Hackers use nuclear weapon prompts to bypass AI safety systems

ICT

12 June, 2026
21:26

Hackers use nuclear weapon prompts to bypass AI safety systems

Cybersecurity researchers at Socket have identified a new piece of malicious software, Hades, designed for software supply chain attacks.

According to Report, citing Tom's Hardware, the malware uses an unusual method to evade AI-based code analysis systems. Researchers found comments embedded in infected JavaScript files containing provocative prompts related to the creation of nuclear and biological weapons. These prompts caused some AI models to stop processing the files before reaching the actual malicious code.

According to the researchers, during testing, the Claude AI model developed by Anthropic did in fact halt analysis due to its safety filters.

However, traditional cybersecurity tools were still able to detect Hades, including signature-based scanning, source code review, detection of suspicious fragments, and sandbox execution of samples.

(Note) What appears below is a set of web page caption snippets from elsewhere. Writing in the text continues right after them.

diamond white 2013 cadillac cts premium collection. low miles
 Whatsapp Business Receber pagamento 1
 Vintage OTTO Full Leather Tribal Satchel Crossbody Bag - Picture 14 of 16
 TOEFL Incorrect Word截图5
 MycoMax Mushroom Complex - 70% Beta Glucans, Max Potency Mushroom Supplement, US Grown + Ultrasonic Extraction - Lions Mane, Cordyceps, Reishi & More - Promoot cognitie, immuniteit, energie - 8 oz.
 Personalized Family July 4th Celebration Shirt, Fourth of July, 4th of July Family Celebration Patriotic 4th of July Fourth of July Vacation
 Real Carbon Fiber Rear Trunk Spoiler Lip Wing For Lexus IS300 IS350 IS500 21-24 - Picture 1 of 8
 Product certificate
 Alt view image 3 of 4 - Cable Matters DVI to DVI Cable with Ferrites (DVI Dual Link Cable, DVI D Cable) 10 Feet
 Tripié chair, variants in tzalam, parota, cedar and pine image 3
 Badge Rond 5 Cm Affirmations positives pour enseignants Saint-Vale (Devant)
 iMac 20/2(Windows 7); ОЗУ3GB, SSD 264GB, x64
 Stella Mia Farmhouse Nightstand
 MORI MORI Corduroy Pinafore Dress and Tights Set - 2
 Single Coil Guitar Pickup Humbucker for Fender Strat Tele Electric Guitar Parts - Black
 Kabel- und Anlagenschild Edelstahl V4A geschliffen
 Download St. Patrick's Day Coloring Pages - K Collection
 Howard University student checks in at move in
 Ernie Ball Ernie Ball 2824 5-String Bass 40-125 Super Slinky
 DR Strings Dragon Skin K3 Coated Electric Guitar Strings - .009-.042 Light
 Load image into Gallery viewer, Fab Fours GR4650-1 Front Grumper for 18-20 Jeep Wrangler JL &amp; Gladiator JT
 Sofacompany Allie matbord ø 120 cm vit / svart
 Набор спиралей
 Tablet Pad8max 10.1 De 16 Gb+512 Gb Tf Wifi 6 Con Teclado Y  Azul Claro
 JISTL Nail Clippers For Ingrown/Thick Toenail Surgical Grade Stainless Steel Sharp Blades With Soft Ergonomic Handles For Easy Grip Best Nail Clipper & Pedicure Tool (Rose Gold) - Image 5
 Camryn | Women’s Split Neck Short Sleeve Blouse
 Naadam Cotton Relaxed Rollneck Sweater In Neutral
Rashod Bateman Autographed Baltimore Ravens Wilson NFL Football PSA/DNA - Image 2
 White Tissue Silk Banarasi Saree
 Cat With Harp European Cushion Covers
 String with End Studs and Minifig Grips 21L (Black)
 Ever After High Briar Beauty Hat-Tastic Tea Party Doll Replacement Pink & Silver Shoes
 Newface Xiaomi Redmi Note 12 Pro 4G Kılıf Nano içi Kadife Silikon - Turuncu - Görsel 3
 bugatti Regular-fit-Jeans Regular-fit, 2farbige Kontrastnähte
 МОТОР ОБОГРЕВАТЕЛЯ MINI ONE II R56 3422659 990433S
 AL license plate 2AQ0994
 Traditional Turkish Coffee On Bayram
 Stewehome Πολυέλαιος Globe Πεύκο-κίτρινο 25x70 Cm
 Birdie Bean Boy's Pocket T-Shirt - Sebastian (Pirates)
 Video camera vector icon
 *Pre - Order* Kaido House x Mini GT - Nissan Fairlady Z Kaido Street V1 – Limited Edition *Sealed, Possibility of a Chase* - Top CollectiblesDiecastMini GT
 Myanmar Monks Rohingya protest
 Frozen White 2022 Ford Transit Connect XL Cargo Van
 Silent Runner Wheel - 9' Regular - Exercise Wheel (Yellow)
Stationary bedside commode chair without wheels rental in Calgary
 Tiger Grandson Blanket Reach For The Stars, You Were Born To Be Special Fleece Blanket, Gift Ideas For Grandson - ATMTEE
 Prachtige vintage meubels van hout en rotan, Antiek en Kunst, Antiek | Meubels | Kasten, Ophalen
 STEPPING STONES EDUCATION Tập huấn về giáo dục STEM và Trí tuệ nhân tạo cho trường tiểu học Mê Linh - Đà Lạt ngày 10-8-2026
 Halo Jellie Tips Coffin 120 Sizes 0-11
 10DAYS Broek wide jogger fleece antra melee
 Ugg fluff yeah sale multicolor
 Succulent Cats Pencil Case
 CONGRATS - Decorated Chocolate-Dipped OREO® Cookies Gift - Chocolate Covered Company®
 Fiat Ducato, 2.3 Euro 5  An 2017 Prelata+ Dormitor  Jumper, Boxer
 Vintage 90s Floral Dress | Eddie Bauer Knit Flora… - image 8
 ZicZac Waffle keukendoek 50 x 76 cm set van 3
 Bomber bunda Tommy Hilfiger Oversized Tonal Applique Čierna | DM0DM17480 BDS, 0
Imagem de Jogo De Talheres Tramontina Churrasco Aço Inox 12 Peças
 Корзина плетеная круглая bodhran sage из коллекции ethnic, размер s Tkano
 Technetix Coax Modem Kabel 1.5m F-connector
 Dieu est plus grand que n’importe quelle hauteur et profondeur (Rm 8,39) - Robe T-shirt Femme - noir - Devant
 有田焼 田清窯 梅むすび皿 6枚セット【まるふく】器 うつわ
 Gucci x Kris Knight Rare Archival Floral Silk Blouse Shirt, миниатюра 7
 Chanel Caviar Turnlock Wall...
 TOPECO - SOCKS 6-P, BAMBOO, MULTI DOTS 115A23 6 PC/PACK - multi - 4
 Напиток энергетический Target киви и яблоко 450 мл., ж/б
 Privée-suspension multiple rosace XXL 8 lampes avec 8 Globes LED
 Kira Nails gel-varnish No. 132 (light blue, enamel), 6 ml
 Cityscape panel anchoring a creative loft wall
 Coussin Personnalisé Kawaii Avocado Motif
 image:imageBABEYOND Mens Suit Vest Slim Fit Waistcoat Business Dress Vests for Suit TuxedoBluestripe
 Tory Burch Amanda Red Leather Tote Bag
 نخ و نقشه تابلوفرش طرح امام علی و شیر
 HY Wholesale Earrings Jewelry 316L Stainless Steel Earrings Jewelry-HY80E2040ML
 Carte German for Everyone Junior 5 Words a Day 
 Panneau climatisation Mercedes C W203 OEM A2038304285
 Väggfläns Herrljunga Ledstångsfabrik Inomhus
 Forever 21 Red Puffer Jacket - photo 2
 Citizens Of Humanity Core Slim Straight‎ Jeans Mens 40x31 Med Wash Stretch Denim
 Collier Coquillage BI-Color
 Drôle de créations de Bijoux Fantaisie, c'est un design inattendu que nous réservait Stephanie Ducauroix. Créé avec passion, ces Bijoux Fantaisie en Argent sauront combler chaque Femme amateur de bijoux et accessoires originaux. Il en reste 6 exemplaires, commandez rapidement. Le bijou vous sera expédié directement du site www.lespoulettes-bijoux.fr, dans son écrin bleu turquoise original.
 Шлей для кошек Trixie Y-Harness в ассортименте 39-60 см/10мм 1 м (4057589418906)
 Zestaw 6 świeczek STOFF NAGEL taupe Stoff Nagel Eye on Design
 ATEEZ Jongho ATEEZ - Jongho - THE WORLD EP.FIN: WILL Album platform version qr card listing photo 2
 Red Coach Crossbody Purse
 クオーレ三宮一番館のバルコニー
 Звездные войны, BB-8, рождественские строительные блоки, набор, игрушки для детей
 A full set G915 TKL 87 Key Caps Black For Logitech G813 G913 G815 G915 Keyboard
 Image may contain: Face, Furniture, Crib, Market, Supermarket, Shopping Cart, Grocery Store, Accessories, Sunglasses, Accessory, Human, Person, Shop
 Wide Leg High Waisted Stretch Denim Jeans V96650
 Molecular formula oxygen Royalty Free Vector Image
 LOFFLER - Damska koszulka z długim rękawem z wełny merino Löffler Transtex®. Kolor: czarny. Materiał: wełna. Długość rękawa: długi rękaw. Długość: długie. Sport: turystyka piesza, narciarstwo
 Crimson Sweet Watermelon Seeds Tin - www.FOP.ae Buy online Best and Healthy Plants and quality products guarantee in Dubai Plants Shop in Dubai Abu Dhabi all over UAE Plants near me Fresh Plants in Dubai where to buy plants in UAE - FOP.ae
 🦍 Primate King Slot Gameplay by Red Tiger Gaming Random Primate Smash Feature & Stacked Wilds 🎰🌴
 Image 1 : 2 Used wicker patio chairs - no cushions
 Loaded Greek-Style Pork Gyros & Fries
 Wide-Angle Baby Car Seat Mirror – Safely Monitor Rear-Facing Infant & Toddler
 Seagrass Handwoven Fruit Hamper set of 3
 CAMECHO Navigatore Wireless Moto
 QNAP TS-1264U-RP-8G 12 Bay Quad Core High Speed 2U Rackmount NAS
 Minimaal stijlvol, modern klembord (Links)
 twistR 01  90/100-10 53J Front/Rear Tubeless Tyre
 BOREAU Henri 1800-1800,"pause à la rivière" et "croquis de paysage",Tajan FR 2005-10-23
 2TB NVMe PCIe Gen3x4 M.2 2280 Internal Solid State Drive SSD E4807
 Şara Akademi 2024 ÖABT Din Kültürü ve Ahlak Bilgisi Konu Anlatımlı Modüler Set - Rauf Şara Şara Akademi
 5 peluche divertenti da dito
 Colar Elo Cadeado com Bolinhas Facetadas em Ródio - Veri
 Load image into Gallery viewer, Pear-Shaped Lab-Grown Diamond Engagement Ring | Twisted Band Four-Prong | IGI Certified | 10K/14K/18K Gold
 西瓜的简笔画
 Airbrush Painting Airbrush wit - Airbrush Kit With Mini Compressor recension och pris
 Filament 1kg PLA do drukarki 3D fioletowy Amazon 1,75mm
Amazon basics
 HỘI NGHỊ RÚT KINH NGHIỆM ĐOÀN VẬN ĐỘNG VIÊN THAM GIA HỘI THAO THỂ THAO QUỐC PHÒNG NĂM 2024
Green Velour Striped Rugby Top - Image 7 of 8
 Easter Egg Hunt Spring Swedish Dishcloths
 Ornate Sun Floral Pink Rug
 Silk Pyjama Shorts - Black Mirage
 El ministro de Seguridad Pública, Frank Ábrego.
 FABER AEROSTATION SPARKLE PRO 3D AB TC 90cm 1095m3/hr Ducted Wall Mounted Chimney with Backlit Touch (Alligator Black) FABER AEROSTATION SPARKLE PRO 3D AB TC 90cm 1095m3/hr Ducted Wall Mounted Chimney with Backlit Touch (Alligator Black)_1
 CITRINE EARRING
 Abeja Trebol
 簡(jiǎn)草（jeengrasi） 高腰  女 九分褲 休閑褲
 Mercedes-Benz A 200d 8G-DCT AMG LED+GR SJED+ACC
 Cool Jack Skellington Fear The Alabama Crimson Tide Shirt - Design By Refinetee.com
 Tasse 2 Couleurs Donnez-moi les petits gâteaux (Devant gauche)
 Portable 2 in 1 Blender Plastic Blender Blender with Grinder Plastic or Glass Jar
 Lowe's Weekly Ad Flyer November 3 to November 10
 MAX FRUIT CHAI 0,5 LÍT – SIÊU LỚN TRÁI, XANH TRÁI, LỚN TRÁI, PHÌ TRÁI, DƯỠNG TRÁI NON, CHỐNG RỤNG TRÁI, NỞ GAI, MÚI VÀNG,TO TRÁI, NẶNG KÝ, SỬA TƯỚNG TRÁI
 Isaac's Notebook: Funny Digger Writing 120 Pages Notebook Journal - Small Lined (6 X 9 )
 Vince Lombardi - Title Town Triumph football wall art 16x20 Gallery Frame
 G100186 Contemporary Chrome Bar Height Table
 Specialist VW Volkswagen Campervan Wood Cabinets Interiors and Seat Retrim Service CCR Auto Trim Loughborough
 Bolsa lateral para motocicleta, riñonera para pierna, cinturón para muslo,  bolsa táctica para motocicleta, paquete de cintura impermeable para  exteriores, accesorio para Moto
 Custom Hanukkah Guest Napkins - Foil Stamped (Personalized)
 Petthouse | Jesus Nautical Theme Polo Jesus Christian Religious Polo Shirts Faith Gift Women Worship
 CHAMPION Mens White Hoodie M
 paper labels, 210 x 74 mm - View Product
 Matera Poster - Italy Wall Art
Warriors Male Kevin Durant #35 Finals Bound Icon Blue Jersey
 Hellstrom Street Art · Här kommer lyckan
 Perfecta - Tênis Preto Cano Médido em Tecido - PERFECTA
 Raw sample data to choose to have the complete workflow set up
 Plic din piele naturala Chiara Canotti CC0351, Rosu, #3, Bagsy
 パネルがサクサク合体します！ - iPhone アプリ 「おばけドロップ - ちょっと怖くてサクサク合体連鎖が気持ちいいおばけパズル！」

Experts say the malware authors are also using additional obfuscation techniques. The malicious payload may be split between Python scripts and separate binary files, while some components only activate when executed in a target environment.

The main goal of Hades is to compromise development environments. It steals credentials and access tokens from services such as npm, PyPI, RubyGems, JFrog, Kubernetes, and AWS. It also targets SSH keys, Docker configurations, .ENV files, terminal history, and AI tool settings.

Socket researchers report that infections have so far been identified in 37 Python packages and 106 JavaScript packages.